--- Source data ---

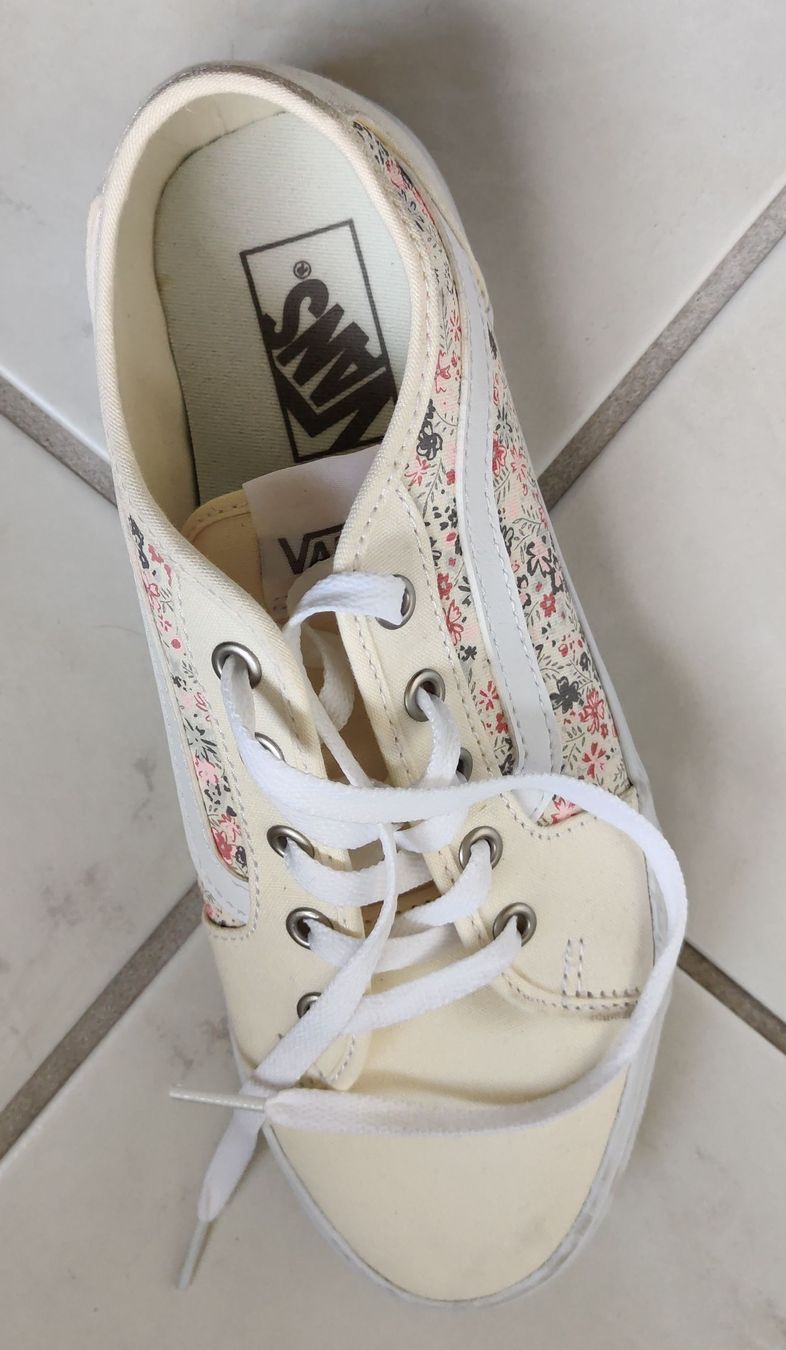 Scarpe da donna: Vans Schuhe (40) – Nuovo (secondo la descrizione) da Riehen venduto da Jeronimo8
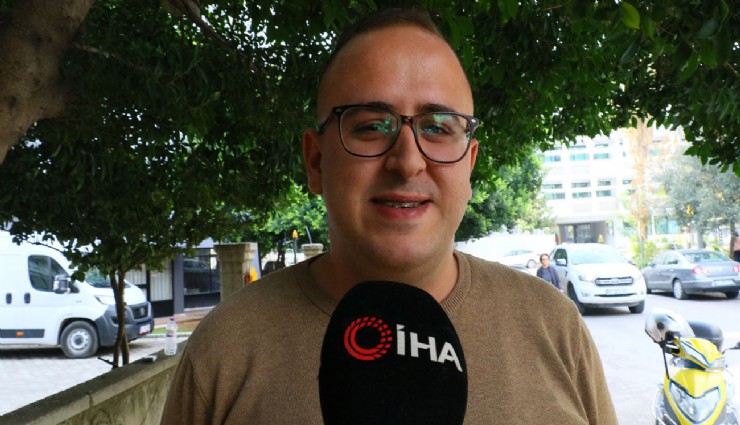 Antalya'da ilginç hayır: Boşanmasının 6 ayını  simit dağıtarak kutladı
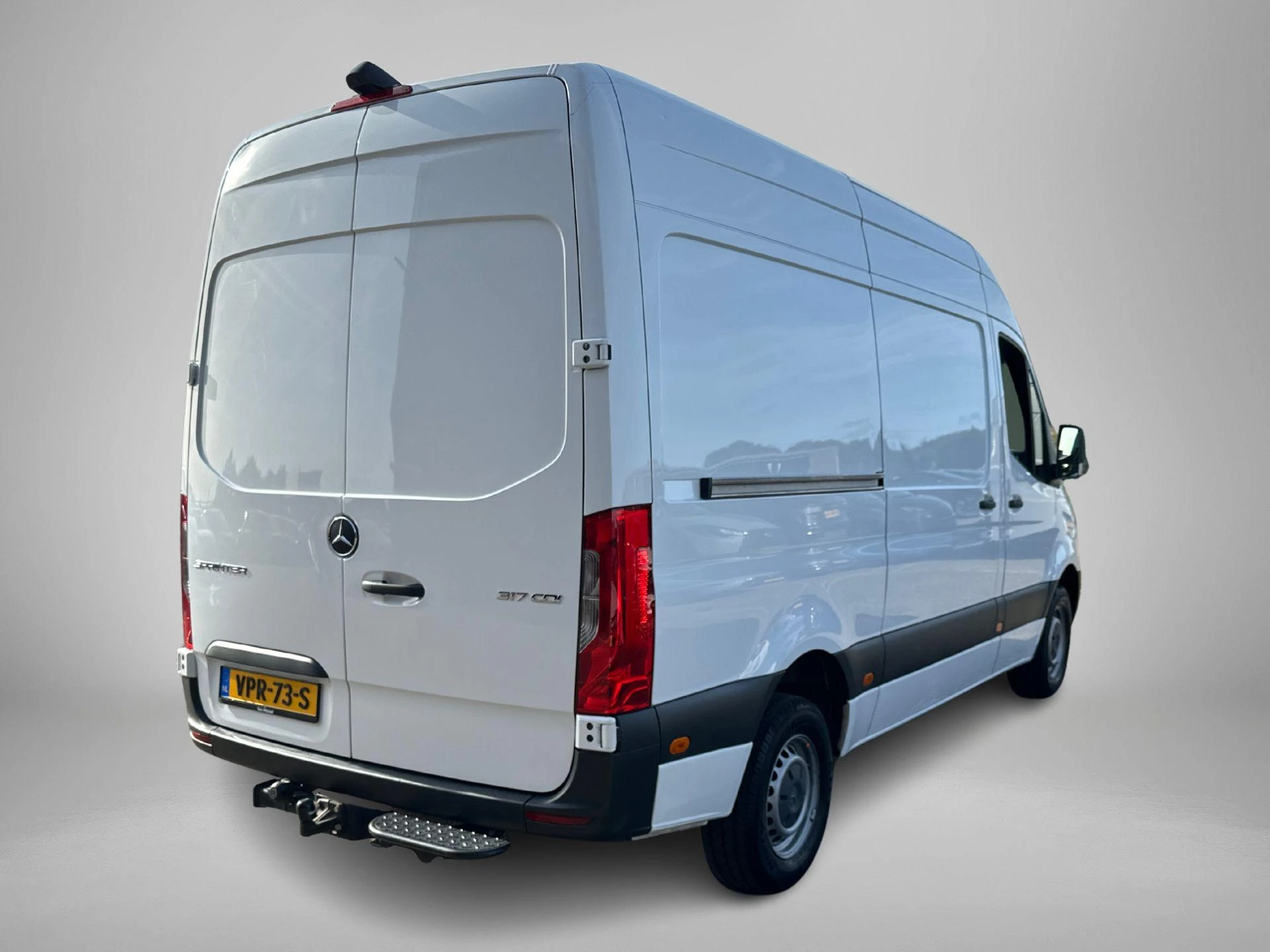 Mercedes-Benz-Sprinter-image-4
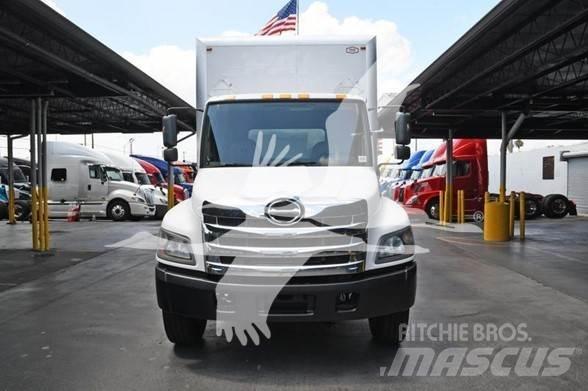 Hino 268 Camiões de caixa fechada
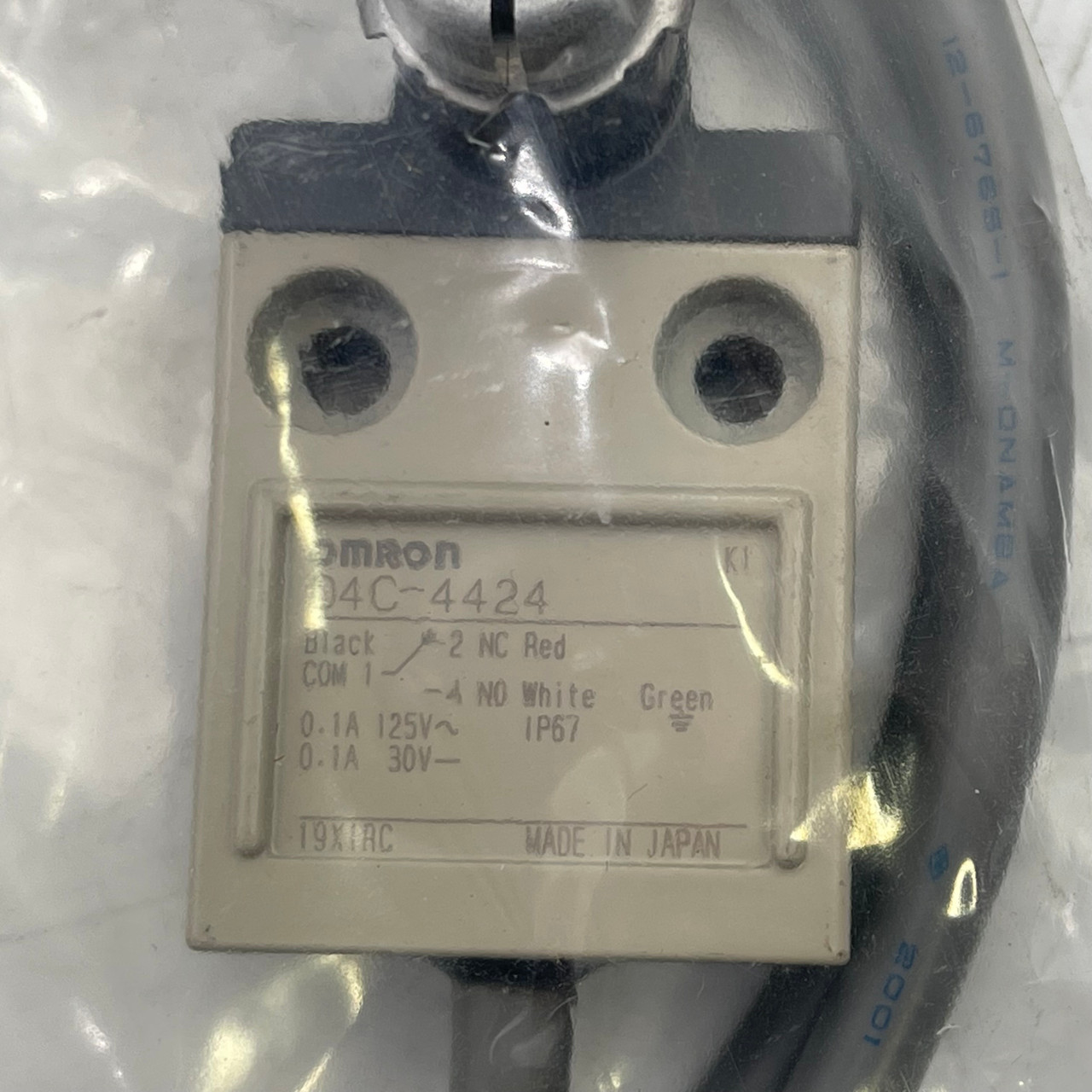 OMRON D4C-4424 2 NC RED 4NO WHITE IP67 LIMIT SWITCH - NEW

---

**Problem**
What you write should match the entries exactly, except that the pictures are dropped.

**Problem solution**
 Scarpe da donna: Vans Schuhe (40) – Nuovo (secondo la descrizione) da Riehen venduto da Jeronimo8
 Antalya'da ilginç hayır: Boşanmasının 6 ayını  simit dağıtarak kutladı
 Mercedes-Benz-Sprinter-image-4
 Hino 268 Camiões de caixa fechada
 OMRON D4C-4424 2 NC RED 4NO WHITE IP67 LIMIT SWITCH - NEW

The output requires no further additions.